Each month John Davies, senior corporate partner at leading commercial law firm Thrings, casts an honest, humorous and at times, irreverent eye over a topical news or business-related issue. This month: the minefield of the office drinks round.

Where do I begin with this one? You work in a team. These are tough times at the coalface and what you really need is a cuppa to slake your corporate thirst. Once upon a time this was a fairly simple problem to overcome: two choices, tea or coffee, with the subsidiary choices of milk and sugar. If you wanted to go all ‘rocket science’, you could even drill down on the strength of the beverage, how may teaspoons of sugar the lucky recipient requires or dare I say it, ‘a sweetener’.

In these days of ever-increasing choice, however, it’s a logistical nightmare. Four little words and the Rubik’s Cube of office-based imbibing kicks in: “Anyone fancy a cuppa?” With this, the box – or should I say the teapot – is open.

“Yes please, I’ll have……”, and here it comes……“a skinny latte, a frappuccino, a mocca, a cappuccino, a decaf tea, a fruit tea, a ginger tea, a mint tea, a herbal essence, an Americano, a soup, a Bovril and my current favourite, a red bush”. A red bush no less!

But the pain doesn’t end there though, does it? As well as the endless choice of fluidic loveliness, we no longer have just simple milk and sugar to contend with. We have milks and sugars. As if the challenge of remembering this menagerie of liquid exotica isn’t enough, you now have to remember the blinking milk order.

You can chose red if you’re a goody two shoes, green if you’re a bit middle of the road, blue if you’re past caring and gold if you’re into extreme sports. Add to that the subtleties of cream, soya milk, goat juice, organic, evaporated and homogenised milks and the pressure is really on.

There is of course a cunning way around this minefield by using the dark and dying art of old school ‘office craft’.

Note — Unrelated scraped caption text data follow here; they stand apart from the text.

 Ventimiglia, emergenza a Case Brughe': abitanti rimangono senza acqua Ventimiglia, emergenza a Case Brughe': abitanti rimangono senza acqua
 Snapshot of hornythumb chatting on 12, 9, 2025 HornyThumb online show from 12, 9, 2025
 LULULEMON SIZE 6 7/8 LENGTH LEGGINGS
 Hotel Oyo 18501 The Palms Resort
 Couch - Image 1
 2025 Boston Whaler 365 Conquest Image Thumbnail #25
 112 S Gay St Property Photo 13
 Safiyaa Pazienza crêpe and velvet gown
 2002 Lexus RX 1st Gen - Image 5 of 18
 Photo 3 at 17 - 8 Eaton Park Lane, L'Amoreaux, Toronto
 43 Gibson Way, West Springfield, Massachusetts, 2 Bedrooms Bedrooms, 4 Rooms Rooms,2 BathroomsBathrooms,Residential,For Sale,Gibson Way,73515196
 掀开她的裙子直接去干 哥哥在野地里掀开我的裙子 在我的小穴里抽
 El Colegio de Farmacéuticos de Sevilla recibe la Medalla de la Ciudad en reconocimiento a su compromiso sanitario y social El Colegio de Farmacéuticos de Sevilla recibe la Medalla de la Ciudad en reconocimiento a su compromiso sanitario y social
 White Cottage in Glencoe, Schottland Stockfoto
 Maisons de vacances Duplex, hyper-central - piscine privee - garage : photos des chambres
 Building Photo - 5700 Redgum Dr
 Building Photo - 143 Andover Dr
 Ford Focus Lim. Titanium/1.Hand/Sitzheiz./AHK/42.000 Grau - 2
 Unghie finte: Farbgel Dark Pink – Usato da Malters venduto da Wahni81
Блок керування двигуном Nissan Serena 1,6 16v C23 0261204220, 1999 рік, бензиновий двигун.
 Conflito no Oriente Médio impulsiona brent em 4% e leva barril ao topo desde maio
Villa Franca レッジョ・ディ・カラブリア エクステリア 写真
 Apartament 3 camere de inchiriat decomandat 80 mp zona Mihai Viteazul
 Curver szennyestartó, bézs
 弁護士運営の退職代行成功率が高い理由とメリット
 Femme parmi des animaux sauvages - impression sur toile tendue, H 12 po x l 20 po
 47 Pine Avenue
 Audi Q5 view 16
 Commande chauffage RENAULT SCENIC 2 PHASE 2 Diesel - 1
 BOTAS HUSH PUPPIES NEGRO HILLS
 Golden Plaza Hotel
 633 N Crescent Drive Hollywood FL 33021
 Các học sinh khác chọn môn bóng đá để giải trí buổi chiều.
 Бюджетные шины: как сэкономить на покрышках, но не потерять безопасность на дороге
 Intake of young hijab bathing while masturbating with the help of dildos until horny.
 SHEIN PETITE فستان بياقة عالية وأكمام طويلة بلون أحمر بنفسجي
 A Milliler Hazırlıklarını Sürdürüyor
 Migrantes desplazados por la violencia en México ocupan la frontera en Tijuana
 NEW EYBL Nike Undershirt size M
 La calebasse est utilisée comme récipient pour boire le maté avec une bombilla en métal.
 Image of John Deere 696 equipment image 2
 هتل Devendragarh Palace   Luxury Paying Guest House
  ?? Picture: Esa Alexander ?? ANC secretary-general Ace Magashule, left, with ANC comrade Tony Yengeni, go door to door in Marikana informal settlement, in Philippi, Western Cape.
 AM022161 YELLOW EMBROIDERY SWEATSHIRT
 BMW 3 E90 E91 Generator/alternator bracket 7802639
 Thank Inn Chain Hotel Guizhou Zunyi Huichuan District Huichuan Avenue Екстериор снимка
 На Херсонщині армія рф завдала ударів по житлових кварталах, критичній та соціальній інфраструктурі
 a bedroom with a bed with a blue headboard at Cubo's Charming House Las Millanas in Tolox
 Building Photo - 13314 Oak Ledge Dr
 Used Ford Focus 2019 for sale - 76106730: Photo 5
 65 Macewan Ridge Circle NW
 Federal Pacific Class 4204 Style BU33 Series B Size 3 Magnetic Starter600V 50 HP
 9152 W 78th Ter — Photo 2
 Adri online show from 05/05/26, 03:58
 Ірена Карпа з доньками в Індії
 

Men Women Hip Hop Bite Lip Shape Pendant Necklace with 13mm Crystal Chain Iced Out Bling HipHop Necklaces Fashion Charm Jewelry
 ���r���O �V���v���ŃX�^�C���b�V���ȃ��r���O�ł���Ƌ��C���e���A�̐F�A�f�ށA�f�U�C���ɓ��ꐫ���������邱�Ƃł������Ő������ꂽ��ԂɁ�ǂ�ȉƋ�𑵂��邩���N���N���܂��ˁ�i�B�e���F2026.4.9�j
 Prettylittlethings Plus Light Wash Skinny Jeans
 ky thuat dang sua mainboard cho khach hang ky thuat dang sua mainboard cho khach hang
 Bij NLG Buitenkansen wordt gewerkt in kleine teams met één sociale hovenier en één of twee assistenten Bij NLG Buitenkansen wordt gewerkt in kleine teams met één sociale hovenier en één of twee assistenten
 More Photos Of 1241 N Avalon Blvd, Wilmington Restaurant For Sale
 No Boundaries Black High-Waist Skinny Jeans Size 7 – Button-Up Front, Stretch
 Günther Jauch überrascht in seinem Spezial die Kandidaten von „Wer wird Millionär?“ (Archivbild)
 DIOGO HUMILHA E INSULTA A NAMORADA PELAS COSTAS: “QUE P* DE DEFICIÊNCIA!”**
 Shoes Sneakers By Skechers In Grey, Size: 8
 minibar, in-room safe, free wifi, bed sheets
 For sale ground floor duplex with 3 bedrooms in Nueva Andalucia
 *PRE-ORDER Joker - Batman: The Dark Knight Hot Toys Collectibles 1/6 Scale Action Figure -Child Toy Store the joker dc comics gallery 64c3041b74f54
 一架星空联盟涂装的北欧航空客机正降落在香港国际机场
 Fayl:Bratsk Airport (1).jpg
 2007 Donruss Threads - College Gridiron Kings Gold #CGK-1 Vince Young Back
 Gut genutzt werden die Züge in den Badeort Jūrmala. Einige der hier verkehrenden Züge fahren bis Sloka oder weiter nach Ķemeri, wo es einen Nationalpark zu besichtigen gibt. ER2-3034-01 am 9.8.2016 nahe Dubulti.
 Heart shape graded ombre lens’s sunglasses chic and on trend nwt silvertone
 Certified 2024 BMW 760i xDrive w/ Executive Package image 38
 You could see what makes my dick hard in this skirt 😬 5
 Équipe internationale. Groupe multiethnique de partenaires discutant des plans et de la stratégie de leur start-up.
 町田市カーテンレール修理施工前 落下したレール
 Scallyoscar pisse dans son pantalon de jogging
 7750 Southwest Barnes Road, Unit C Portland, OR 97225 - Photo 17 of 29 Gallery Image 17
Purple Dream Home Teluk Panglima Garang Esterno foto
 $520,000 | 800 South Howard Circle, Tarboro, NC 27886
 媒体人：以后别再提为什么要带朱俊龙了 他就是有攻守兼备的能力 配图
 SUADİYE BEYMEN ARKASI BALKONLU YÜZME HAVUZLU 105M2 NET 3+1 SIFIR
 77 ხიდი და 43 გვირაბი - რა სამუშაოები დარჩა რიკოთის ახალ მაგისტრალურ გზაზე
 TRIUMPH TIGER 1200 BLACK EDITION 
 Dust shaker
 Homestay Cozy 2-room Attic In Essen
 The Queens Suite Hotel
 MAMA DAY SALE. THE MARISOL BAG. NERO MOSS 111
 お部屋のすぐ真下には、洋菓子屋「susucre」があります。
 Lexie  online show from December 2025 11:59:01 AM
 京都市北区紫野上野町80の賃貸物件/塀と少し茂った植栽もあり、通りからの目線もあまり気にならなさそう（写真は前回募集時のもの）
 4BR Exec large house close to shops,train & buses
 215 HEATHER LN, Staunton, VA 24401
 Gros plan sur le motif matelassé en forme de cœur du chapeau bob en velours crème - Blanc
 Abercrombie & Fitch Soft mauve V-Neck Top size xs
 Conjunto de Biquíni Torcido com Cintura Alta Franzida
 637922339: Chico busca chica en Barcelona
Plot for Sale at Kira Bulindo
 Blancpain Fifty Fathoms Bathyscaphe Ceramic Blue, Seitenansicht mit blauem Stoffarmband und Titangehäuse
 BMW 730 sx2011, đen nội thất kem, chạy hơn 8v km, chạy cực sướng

Put simply, you offer to get the round in, and when things get complex, you overemphasise your confusion and get in early with advanced apologies for poor performance in the likely outcome of your brew duty. Someone will always come to the rescue and take a way the pain – either in sympathy, or in fear of being poisoned. Go on, grab yourself a biscuit and try it. Your world will never be the same again.